Start of Task data
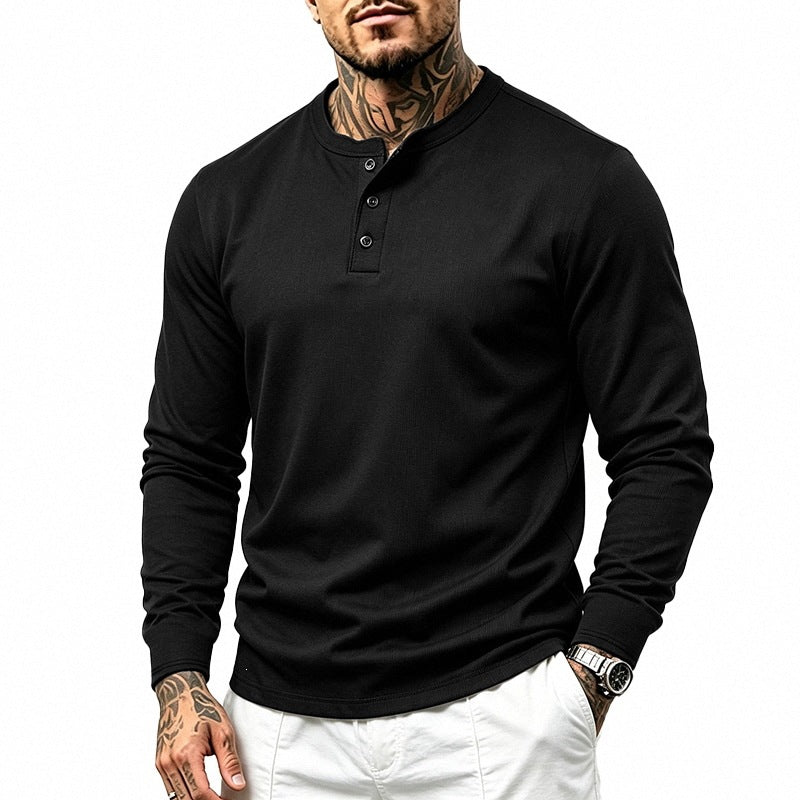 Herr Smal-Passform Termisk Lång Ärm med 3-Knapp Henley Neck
End of Task data
Start of Task data
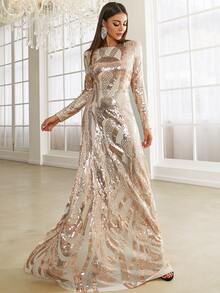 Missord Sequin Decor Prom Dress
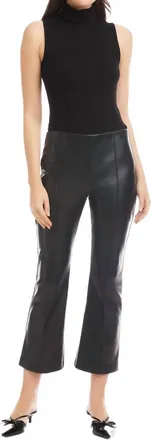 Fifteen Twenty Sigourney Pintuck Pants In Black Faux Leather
End of Task data
Start of Task data
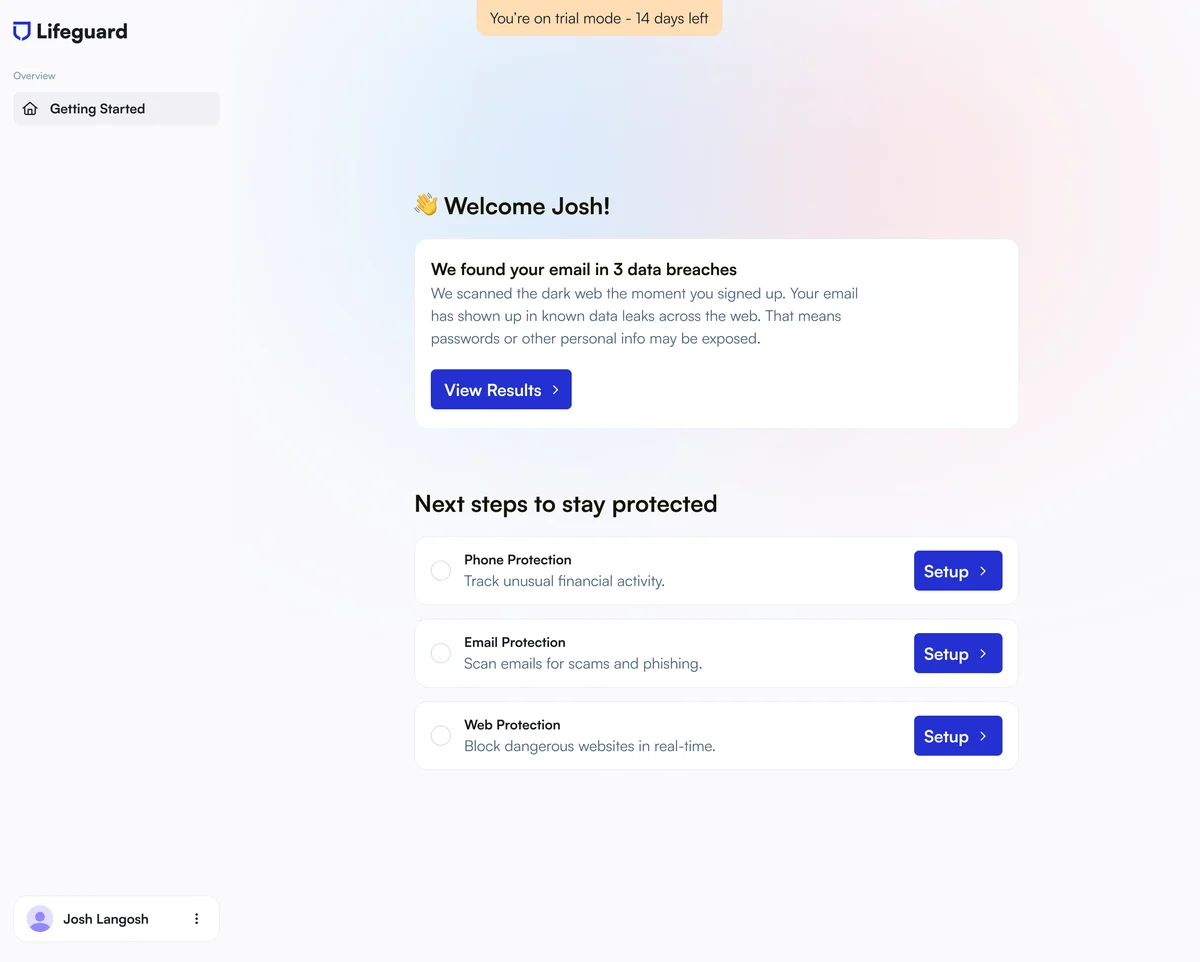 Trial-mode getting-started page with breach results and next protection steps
End of Task data
#### Instructions for the task
In the entries above, find the line with "Missord Sequin Decor Prom Dress" and the line with "Fifteen Twenty Sigourney". Return exactly those lines and all the ones between them, pictures excluded.

#### Answer box
 Missord Sequin Decor Prom Dress
 Fifteen Twenty Sigourney Pintuck Pants In Black Faux Leather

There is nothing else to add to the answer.